Applying the revolutionary abilities of a banking app to healthcare would be empowering for both patients and medical staff, would greatly improve a patient’s experience and would achieve incredible feats in terms of time-saving and accuracy. Not only would patients be able to access their medical data and book, cancel and reschedule appointments with ease, but they could select their doctor and send information ahead to that member of staff, including notes of any concerns that they wish to discuss, as well as any special requirements they have. Sanjay said they could even use the app within the room, to alter conditions such as lighting and temperature, and could review the service they received afterwards.

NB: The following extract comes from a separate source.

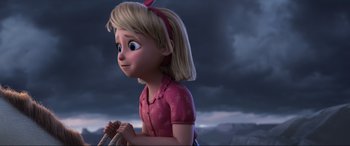 Movie still from “Spirit Untamed” (2021), directed by Ennio Torresan – A young girl with blonde hair and a pink shirt is holding a string; Medium shot, Over the shoulder angle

Meanwhile, doctors would not only have the full medical history that Yasasii already provides, thus greatly reducing issues of incorrect prescription, but they could easily request and receive information on the patient if they have come from another institution. “We’d also potentially be able to do followup consultations; instead of needing to be present, they could live chat on the app.” Through live chat, messaging and the exchanging of test results, this ability to do follow-up consultations remotely would greatly speed up hospital efficiency, as well as make it far easier for a patient to fit the consultation into their day. The list of uses seems as though it could go on forever – Sanjay even mentioned the possibility of connecting with a patient who is arriving from a long distance as soon as their plane lands, thus allowing the hospital to arrange for them to be picked up from the airport. As for navigating the hospital itself, the app could show patients exactly where they need to go and guide them there, so they don’t have to attempt to understand the confusing hospital signs. Essentially, once the foundation is in place, the only limit to the app’s functionality is imagination. “I’m very passionate about bringing this to the potential of the Kingdom; it really is something quite stunning.” 

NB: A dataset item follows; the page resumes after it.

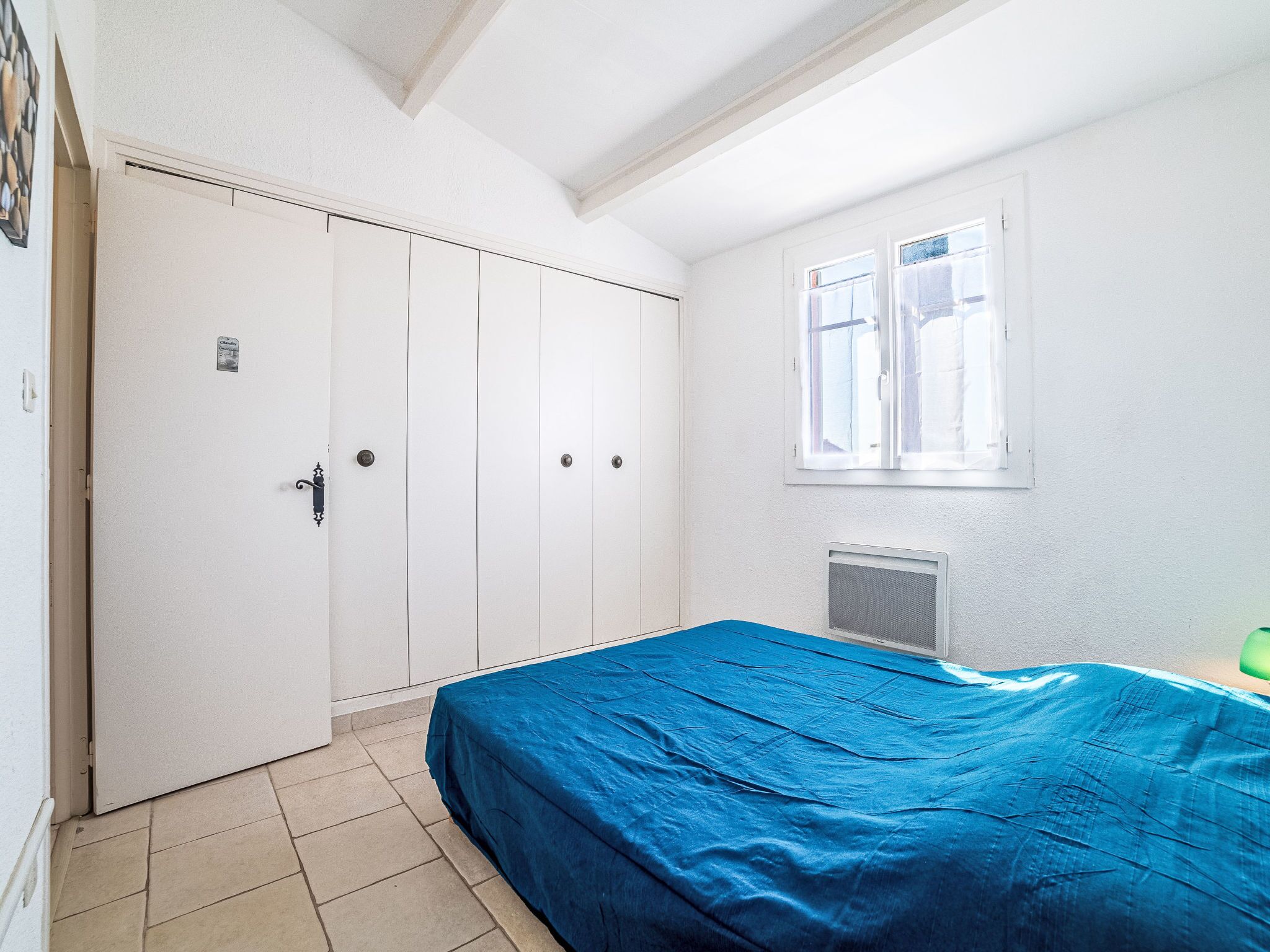 Une pièce comprenant un lit, une armoire, une fenêtre et un radiateur.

This unprecedented achievement was possible for Fakeeh Care through a combination of hard work, creativity, and the fact that it had already developed such a steady and functional base. “We’re in a superior position where we already have a unified source of data for patientsYasasii catches all the diagnosticradiology and lab results, reports from the physician and nurses… it captures absolutely everything, and does the billing as well. It wouldn’t be too difficult for us to take it one step further: the potential is quite immense.”

Fakeeh Care introduced Yasasii within its own hospital and merged it with an ERP product called Oracle, and they also offer it to other hospitals within the Kingdom. It hopes to eventually offer the system to not only hospitals, but governments. As for its new app, it hopes that its abilities will improve patients’ experiences so much so, and offer them so many capabilities, that they choose a loyalty to Fakeeh’s hospitals. Why not, when it’s where you get the best service? “We see the app as a real tool for integrating and embedding patients within our community.”

Fakeeh has called the app YAR which has an Arabic and Indian meaning. The Hindi meaning is ‘My friend’, and the Arabic meaning is ‘My love’. Although Fakeeh is developing the app in-house, it is doing some of the work at its offshore R&D department in Southern India, hence opting for the clever double-meaning. (Yasasii, too, was partially developed in India, and partially in Japan).

Of course, the number of functions that Sanjay has discussed will not all be introduced at once, and due to the level of functionality desired, everything has to be perfect. A multi-functional administration tool like this could be luxurious if it’s done right, but a disaster if anything goes wrong. The company has and will test intensively at every stage, but excitingly, it looks forward to launching the core app next month. It will then continue to develop the app over the coming months (and years, no doubt), but from what we’ve heard, it seems as though there’s no limit to the benefits it could provide. Perhaps one day, this system and others like it will be implemented in healthcare the world over. For Fakeeh, it will be yet another first.